Старый памперс завернут и сложен. Новый пахнет свежим памперсом. Вообще же дух в палате стоит густой, тяжелый. Вера еще не поняла откуда.
В окне цепочка фонарей, многоэтажки за широким снежным полем, вдали, на проспекте. Тягучее, вязкое небо: мороз.
В палате темно, только светится айфон в руках соседки. И освещает соседкино лицо – уступами: лоб, нос, подбородок, скулы, темную густую челку.
Соседка сказала «здравствуйте», когда вошла Вера, и – в айфон.
Теперь Вера опять вспоминает, что не ела весь день. Ей ужасно хочется есть и пить. Вон там, в окне, – «Пятерочка», это не дальше километра (через пустое поле, по мерзлой дороге прямым углом, наверное, чуть дальше). Будет работать еще час. Но как отсюда выйти. С Долли.
У меня есть колбаса и кока-кола, – шепчет соседка. – Возьмите на тумбочке.
Спасибо, – Вера нашаривает на тумбочке пластиковую упаковку, съедает пару кусков колбасы, идет в темный туалет и запивает водой из-под крана. Вода на вкус простая, пресная и кажется фиолетовой. Света они не включают.
Соседка молча скребет по айфону. Вера лежит на боку, подбив под себя мякенькую Долли, удобно примяв груди, колючее одеяло и плоскую подушку, и наблюдает за соседкой. Та лежит почти неподвижно, на спине. Горой кажутся ее колени. Тяжелое лицо подсвечено и неподвижно. На вид ей столько же, сколько и Вере, – около двадцати лет.
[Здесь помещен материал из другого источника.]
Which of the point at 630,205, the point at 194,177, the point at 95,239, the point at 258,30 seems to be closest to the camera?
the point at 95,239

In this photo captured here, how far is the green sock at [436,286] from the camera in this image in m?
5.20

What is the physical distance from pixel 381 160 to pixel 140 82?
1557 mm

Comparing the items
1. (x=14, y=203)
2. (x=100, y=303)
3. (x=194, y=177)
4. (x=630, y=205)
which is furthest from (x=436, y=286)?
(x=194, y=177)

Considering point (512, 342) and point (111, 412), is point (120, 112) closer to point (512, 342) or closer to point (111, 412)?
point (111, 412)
Вас как зовут? – шепотом окликает Вера.
Варя, – отзывается соседка, не отрываясь от гаджета. – А вас?
Вера. Можно на ты.
Вечер длится еще долго, потому что, хотя обычно Вера спит мало, урывками, но не может уснуть. Снова сползает то одеяло, то они обе – с матраса, то скрипят пружины у соседки, то вдруг хлопает от сквозняка дверь. Вера засыпает, и просыпается, и, глядя перед собой, всякий раз видит Варю, которая спит как гора, накрывшись одеялом и простыней, в рассеянном отраженном свете города, красного неба. Долли пищит, Вера кормит, качает, кормит. Потом они все-таки засыпают – и спят долго, почти четыре часа, так что, проснувшись снова, видят уже желто-синий качающийся свет и слышат бодрый окрик медсестры, которая в шесть тридцать вызывает их сдавать анализы.